Accessibles après une ou trois années de formation, les métiers de la petite enfance pâtissent de la pénibilité de leur exercice ainsi que de leur faible rémunération. Entre les personnes qui partent à la retraite et celles qui quittent la profession, épuisées, « on manque cruellement d’une gestion prévisionnelle de ces métiers », fustige de son côté Elsa Hervy, déléguée générale de la Fédération française des entreprises de crèches. Les professionnels pointent aussi un réel manque de reconnaissance, nécessaire pour créer de nouvelles vocations dans la petite enfance. « Le bien-être des professionnels est une condition nécessaire à un accueil de qualité, insiste Vincent Bulan, directeur général de Babilou. Le rôle des professionnels de crèche est pourtant primordial et ne s’arrête pas à assurer la sécurité physique et répondre aux besoins primaires des enfants. » Face à la polémique, le gouvernement s’est saisi du sujet depuis cet été. Jean-Christophe Combe, l’ancien ministre des Solidarités et des Familles, puis Aurore Bergé, qui lui a succédé, ainsi qu’Élisabeth Borne, ont annoncé une série de mesures (voir encadré), qui peinent encore à se concrétiser. Après avoir été retoquée une première fois à l’Assemblée nationale, l’opportunité de la création d’un service public de la petite enfance, figurant dans l’article 10 de la loi « plein emploi », sera de nouveau débattue mi-novembre.

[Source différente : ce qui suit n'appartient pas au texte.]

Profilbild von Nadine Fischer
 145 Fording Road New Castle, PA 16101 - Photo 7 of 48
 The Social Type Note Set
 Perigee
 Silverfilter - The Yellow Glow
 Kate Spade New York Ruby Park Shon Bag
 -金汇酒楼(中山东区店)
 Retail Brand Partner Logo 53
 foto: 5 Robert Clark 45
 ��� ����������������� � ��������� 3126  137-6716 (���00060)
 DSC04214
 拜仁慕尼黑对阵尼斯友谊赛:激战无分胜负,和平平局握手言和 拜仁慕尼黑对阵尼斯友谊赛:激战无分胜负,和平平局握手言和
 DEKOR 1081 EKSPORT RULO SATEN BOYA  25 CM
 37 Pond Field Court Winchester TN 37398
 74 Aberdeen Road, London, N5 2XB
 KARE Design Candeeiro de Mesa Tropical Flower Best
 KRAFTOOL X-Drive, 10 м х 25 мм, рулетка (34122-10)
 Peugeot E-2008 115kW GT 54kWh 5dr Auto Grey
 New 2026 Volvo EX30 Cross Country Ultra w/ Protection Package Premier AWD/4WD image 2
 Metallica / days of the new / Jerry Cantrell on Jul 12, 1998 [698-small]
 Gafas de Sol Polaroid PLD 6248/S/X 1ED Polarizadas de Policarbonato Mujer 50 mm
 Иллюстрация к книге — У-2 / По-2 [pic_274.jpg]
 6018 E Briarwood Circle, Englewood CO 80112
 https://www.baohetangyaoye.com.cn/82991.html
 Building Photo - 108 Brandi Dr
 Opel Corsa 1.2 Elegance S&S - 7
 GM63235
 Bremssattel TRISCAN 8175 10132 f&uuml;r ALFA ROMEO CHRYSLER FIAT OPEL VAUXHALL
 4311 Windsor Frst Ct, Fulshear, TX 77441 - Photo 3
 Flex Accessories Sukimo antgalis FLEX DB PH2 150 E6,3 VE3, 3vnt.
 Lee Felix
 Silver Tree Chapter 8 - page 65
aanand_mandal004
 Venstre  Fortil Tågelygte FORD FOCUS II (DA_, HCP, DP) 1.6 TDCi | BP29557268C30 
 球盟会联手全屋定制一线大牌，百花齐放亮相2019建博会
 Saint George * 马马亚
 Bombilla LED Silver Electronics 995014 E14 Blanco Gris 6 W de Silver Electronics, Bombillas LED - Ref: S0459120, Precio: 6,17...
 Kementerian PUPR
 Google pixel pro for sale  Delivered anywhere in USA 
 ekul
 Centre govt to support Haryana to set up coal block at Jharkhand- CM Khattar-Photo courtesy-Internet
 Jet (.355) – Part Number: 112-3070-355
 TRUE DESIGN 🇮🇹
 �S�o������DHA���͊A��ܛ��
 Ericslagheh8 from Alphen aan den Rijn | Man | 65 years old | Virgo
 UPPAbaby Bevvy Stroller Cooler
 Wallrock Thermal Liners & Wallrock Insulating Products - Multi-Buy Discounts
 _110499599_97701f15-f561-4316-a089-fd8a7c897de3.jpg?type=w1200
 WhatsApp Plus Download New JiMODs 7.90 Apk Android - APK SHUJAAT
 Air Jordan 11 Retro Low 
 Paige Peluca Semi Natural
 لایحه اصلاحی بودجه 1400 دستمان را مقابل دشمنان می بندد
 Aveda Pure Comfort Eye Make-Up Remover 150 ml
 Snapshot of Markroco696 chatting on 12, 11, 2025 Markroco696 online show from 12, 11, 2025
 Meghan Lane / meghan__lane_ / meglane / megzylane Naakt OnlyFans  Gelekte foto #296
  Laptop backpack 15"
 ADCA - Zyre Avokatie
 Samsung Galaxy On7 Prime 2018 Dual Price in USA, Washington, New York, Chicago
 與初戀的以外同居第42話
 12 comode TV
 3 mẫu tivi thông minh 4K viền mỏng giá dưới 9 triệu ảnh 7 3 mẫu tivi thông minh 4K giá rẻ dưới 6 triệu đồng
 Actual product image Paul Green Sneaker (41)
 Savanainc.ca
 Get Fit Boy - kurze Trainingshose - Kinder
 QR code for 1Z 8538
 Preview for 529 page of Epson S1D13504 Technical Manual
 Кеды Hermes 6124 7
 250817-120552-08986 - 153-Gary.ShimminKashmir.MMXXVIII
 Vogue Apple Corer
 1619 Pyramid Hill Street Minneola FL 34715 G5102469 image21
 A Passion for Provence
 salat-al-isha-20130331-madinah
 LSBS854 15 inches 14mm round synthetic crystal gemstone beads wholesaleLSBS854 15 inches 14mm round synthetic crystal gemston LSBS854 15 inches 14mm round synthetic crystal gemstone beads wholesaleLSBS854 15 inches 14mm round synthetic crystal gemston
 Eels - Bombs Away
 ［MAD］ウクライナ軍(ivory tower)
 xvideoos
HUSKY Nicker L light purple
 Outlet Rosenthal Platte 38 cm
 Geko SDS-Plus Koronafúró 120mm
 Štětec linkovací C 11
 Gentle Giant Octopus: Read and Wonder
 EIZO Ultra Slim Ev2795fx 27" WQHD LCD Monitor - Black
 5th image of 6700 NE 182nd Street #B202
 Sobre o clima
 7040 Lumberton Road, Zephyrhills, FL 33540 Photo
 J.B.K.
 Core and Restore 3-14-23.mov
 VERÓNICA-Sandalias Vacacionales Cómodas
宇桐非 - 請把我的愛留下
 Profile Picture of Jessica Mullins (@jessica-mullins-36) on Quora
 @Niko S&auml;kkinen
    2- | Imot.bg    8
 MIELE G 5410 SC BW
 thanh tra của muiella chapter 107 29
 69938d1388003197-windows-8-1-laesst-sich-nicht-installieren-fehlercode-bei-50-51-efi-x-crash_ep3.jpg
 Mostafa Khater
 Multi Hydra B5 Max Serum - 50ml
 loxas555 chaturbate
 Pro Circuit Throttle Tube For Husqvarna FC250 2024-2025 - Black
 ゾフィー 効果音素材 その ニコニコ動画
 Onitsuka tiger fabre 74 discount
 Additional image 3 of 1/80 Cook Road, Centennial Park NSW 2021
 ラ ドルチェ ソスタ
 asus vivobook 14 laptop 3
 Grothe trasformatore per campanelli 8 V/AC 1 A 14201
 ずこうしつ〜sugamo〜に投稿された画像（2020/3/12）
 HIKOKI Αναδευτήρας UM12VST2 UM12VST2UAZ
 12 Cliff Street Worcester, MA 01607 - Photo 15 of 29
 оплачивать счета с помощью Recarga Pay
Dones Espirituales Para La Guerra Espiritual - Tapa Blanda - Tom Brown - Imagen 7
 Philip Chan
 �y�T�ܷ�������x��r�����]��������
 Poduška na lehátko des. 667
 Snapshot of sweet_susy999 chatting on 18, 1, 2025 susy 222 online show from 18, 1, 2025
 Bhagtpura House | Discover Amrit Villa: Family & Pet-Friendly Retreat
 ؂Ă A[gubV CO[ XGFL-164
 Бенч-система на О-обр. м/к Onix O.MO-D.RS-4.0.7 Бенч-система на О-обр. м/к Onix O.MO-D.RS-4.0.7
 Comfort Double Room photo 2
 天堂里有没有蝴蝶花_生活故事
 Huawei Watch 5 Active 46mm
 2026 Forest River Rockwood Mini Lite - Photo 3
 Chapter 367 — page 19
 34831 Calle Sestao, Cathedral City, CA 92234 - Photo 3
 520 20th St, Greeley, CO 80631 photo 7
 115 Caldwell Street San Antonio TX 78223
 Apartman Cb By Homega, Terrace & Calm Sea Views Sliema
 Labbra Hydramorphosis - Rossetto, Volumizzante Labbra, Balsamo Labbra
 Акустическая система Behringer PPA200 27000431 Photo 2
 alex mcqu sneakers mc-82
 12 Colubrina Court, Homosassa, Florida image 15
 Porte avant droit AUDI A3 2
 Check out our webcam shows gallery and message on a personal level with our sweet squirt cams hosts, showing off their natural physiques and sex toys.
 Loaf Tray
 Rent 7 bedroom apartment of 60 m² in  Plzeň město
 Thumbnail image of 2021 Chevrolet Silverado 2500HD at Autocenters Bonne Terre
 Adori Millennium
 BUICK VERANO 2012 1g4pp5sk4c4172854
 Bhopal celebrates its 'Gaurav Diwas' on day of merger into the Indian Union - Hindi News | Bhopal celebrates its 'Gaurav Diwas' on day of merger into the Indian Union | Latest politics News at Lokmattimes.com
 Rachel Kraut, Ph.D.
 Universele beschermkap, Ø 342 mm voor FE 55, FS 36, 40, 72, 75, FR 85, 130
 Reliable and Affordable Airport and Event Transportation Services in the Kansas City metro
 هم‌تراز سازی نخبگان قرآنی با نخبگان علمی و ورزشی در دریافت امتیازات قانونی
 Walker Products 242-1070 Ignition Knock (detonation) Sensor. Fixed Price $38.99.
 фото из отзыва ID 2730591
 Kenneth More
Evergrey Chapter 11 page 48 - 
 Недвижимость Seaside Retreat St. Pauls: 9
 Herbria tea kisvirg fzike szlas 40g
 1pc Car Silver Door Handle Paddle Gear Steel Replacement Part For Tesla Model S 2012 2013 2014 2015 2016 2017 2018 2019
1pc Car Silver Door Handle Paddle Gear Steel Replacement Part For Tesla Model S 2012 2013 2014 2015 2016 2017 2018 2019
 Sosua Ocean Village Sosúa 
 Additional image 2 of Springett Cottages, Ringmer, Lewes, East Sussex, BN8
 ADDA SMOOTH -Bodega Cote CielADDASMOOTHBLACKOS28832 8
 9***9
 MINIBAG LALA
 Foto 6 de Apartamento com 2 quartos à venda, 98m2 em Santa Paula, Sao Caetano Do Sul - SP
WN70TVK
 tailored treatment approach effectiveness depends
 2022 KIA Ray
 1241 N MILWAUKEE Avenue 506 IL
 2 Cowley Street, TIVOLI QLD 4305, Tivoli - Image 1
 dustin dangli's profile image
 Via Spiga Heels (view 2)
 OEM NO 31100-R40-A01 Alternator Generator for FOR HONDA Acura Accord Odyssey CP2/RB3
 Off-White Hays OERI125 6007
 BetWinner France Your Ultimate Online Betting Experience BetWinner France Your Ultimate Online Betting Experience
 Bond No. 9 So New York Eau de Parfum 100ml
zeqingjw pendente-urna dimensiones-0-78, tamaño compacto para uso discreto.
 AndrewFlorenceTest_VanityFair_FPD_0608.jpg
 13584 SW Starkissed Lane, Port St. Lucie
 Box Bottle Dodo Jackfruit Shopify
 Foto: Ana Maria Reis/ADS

(1) Les prénoms ont été modifiés.



La réponse du gouvernement

Depuis cet été, le gouvernement multiplie les annonces pour sauver le secteur de la petite enfance, qui, entre le manque de places et de personnels, et les cas de maltraitances, prend l’eau. Le 15 septembre, Aurore Bergé, ministre des Solidarités et des Familles, a reçu les dirigeants des quatre grands groupes de crèches privées (Babilou, People & Baby, La Maison bleue, Les Petits Chaperons rouges). Ont été rappelées plusieurs mesures visant à renforcer les contrôles dans les établissements et à améliorer le suivi des signalements des dysfonctionnements. Autre sujet important : revaloriser ces métiers trop souvent dénigrés. « Le vrai sujet qu’on a, c’est une pénurie de professionnels, a souligné la ministre. À partir du 1er janvier, on met 200 millions d’euros sur la table chaque année. » Ainsi, seront créées, d’ici 2030, 200 000 nouvelles places de crèches. Une promesse qui n’est pas nouvelle : début 2022, Emmanuel Macron s’était déjà engagé à aller dans ce sens. Sans pour l’instant de prompts résultats.(M.-L. M.)